‘People Are Stupid’, And What Follows From That

From The Men Who Would Be King

For all his persuasiveness, incompetence is Satan’s principle problem. The devil always sets out to construct heaven and winds up with hell because he uses the wrong principles. ~Richard Fernandez

I’m reminded by that statement of something a former Soviet general wrote after the fall of the USSR, that the difference in societies produced by the Bolshevik Revolution and the American Revolution came down to founders and their guiding principles, You had Madison and Jefferson and The Enlightenment, we had Lenin who led us into communism.
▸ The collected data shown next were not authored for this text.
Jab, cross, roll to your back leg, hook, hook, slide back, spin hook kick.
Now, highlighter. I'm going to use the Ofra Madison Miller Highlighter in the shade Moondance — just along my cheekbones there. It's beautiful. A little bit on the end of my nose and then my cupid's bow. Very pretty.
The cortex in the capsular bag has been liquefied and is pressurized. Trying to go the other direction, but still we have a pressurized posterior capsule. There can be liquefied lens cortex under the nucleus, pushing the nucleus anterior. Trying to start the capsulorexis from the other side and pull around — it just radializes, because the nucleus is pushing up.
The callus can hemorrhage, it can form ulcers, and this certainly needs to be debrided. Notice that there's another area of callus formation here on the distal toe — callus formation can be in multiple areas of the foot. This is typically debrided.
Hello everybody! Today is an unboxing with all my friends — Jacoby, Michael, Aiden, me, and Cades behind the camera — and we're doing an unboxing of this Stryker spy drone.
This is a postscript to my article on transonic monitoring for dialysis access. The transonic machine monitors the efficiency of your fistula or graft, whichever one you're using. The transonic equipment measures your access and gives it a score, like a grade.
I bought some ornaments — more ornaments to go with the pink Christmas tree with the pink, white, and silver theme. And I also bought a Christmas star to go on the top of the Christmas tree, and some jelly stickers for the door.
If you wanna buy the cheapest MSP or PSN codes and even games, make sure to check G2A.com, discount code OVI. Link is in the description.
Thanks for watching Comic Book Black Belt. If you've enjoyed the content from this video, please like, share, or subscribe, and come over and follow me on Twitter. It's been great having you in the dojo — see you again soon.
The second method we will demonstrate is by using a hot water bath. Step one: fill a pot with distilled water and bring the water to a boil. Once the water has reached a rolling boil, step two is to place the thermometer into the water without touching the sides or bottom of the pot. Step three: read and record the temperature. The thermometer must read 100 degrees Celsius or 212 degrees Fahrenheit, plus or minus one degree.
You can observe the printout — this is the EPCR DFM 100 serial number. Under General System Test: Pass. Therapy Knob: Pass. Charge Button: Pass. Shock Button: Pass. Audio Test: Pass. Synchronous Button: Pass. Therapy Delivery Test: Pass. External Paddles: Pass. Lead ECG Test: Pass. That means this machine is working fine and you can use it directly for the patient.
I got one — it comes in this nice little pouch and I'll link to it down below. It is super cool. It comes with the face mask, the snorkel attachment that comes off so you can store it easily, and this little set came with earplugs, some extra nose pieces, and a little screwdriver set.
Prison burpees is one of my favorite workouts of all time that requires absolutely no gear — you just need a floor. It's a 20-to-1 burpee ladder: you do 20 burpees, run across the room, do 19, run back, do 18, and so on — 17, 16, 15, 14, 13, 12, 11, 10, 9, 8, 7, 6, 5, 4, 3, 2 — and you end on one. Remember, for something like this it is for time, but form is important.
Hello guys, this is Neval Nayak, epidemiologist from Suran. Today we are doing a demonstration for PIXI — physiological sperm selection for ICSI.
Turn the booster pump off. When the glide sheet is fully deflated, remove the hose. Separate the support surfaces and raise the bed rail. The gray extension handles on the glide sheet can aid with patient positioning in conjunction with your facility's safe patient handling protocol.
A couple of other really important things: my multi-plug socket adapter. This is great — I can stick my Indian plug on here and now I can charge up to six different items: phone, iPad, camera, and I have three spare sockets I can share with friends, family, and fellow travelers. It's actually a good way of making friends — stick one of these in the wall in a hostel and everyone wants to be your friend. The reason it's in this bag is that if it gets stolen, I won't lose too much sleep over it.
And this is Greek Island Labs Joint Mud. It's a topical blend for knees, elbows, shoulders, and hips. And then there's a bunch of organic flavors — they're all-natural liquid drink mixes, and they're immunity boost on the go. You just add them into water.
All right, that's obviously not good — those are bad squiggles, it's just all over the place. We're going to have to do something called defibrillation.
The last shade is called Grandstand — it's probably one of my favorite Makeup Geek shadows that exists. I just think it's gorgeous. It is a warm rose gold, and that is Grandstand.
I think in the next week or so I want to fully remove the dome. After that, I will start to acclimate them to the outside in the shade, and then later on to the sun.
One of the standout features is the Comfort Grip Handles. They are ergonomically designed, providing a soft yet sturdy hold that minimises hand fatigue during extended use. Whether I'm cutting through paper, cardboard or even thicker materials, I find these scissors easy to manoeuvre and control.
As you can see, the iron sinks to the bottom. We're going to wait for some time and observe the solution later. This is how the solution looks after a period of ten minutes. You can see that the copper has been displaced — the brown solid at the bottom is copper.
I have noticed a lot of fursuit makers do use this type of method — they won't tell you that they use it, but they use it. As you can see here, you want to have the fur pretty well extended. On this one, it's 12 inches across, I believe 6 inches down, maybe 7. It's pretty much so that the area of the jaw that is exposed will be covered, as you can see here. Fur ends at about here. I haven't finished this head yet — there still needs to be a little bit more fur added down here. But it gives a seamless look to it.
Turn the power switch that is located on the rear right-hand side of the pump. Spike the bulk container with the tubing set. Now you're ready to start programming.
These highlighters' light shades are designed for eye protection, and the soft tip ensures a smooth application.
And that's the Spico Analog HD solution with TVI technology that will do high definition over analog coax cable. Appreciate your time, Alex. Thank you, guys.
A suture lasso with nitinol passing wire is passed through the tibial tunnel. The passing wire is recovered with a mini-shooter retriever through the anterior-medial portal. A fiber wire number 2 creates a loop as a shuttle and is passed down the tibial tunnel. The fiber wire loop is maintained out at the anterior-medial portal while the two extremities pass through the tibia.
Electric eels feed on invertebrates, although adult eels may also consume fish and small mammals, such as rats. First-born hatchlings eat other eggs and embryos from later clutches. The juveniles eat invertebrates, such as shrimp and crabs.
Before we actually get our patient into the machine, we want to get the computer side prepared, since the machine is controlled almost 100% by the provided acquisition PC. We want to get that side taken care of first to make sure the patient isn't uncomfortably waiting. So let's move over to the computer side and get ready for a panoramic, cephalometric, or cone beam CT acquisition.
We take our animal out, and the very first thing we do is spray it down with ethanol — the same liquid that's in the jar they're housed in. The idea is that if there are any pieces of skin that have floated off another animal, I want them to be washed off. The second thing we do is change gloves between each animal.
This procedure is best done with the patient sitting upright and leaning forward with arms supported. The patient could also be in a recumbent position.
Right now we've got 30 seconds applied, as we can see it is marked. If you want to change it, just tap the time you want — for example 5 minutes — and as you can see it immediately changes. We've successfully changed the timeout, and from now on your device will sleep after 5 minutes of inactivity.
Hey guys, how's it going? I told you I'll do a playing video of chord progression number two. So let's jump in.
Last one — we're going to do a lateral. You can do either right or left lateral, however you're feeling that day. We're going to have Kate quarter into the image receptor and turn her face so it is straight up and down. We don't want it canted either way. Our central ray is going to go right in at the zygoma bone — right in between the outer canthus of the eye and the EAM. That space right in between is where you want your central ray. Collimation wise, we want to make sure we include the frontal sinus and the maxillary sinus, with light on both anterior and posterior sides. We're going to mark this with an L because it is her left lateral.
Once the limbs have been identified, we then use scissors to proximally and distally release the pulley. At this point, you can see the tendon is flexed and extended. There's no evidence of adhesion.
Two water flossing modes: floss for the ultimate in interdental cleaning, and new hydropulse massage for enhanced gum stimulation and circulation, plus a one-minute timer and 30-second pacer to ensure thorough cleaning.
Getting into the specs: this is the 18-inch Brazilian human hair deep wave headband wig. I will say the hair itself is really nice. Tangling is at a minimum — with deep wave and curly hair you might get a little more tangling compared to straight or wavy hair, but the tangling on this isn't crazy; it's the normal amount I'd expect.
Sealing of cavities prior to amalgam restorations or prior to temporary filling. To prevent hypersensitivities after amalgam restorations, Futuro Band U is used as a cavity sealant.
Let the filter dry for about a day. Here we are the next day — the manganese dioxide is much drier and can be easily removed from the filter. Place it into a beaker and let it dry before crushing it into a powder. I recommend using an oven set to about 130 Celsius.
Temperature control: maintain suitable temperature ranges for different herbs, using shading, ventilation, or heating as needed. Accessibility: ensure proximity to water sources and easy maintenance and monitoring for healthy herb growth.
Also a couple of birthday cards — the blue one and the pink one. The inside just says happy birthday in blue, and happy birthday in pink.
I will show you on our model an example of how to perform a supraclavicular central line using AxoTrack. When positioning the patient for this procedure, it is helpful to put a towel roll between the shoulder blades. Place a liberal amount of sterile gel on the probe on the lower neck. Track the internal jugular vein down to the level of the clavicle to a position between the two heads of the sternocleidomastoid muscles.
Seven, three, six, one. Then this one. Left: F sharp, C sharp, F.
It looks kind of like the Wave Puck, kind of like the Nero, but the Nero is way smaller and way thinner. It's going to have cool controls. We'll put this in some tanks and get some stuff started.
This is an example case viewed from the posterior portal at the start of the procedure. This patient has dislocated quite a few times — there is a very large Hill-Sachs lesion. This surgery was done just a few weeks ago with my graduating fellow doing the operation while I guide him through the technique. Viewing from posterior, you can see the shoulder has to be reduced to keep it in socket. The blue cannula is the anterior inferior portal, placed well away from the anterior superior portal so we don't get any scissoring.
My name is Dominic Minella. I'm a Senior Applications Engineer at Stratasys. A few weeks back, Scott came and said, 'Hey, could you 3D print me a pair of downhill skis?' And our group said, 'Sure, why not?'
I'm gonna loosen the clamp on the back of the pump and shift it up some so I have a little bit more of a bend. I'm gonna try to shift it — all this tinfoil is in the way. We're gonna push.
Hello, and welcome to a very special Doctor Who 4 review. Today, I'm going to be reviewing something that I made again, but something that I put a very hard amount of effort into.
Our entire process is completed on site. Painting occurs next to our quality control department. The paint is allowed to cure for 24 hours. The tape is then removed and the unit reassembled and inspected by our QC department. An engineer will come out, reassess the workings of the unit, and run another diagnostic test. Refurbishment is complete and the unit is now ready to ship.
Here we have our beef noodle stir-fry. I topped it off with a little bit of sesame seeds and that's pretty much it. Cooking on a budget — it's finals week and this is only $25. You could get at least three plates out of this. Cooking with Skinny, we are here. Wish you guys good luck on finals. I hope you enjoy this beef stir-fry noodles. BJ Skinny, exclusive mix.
I remember a conversation I had with two young leftists where I work. One, a young girl with a physics degree, the other a young man with a BSEE. They were Obama supporters and Progressives. I tried to engage them in the idea of First Principles, in the cause and effect and unintended consequences of political and economic policies and approaches. Neither knew what I was talking about. They were simply convinced that a smart guy needed to be in power to do whatever needed to be done. ‘People are stupid! They need to be told what to do.’ I think they would have been committed Bolsheviks in another place and time. In reality, both were the idiots they were sneering at, they just didn’t realize it. Possibly they were projecting their own lack of understanding of the world onto everyone. They had no understanding of the disastrous effects Progressive policies have had on the black population, on race relations, on the economy, on their own lives and opportunities and job prospects. They just wanted someone ‘smart’ in charge to fix it. They set out to build heaven and will be forever confused by the hell that results.

Ben Rhodes and Jonathan Gruber both lied to sell Progressive policies that could not be sold on their merits. That’s why they lied. But like the young Progressives above, both believe people are stupid and need to be told what to do by someone a lot smarter, like them. The lying is incidental. It’s ego confirmation to them that the peasants are so dim they actually believed them. No wonder Obama spends his whole life with a smirk on his face.

What is going on in Syria ?

Rhodes

Our feckless president has been lecturing the US public about various topics he considers important but what has actually been going on ? We do know that a Navy SEAL named Charles Keating was killed in Iraq.

(CNN)When a team of less than a dozen U.S. military advisers came under attack in Iraq Tuesday from more than 100 ISIS fighters, Navy SEAL Charles Keating IV was part of the force sent in to rescue them.

All the advisers made it back. Keating, a decorated combat veteran and star athlete who decided to enlist after the 9/11 attacks, did not.
Providing new details Wednesday about the operation that took the life of the grandson of prominent financier and World War II pilot Charles Keating Jr., Coalition spokesman Col. Steve Warren said that the clash between ISIS and the Kurdish Peshmerga forces the advisers were assisting was “a big fight, one of the largest we’ve seen recently.”

That’s Iraq, where Obama pulled out all US forces but is now sneaking a few back in, hoping no one notices.

In Iran, Obama’s foreign policy “advisor” named Ben Rhodes, admits it was all a lie.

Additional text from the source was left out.